→ WORK REQUEST: From the data below, return only the lines from the one with "2 Ferry Crescent, Brunswick West VIC 3055" through the one with "Textured Gaiwan |", exact and inclusive, with pictures left out.

→ EXCERPTED RECORDS:
"""

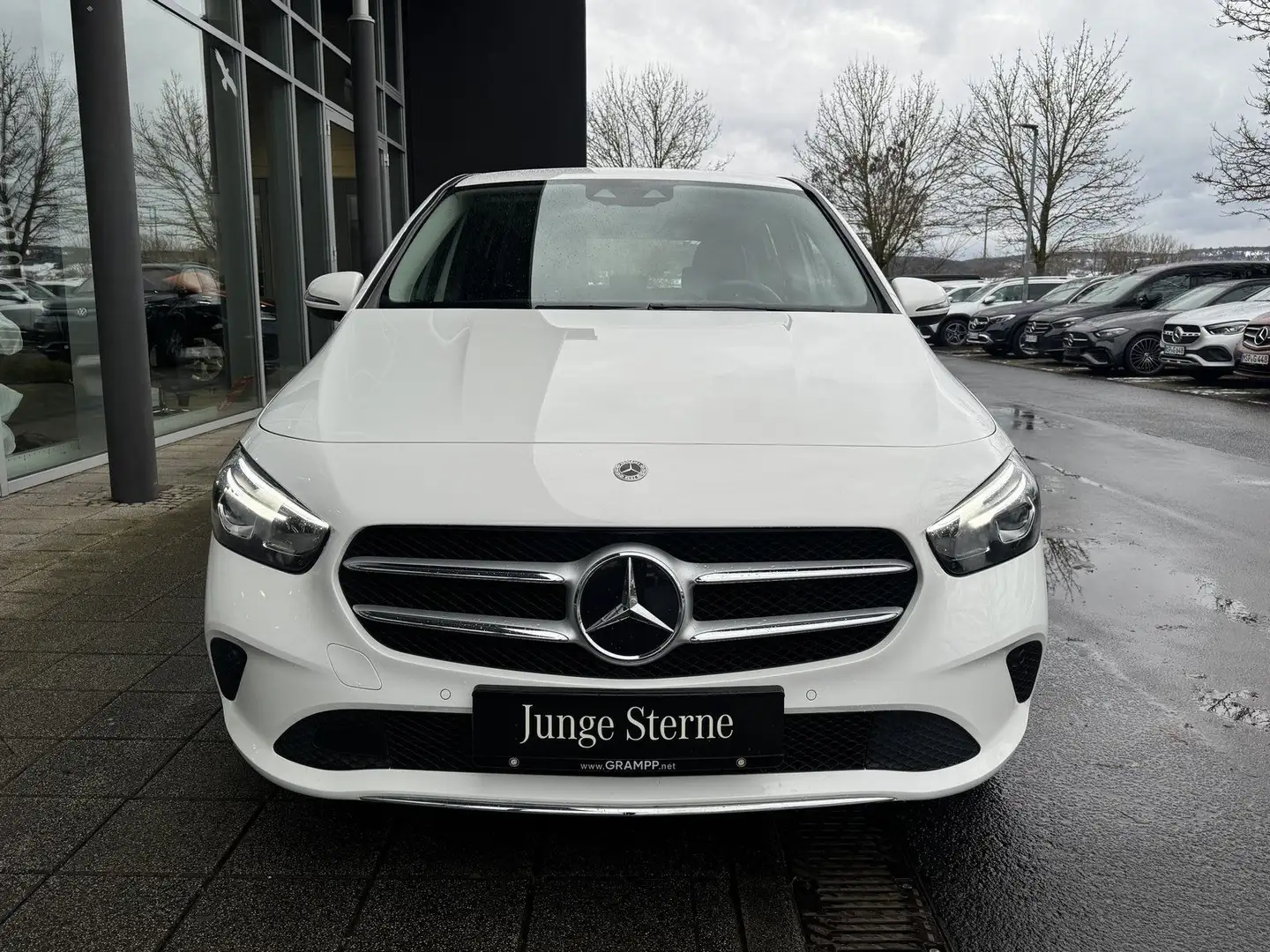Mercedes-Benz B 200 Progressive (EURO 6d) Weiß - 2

"""
"""

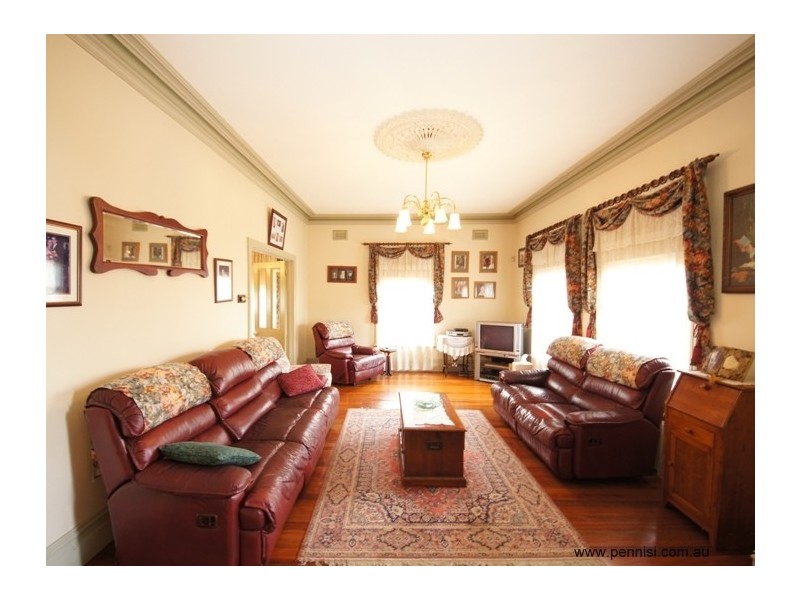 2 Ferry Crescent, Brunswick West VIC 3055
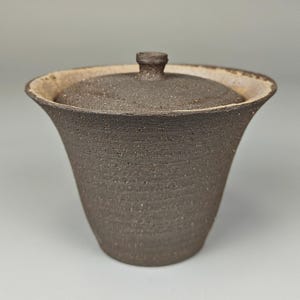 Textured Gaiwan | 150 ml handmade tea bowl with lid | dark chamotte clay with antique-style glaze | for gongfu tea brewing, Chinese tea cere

"""

→ EXERCISE ANSWER:
 2 Ferry Crescent, Brunswick West VIC 3055
 Textured Gaiwan | 150 ml handmade tea bowl with lid | dark chamotte clay with antique-style glaze | for gongfu tea brewing, Chinese tea cere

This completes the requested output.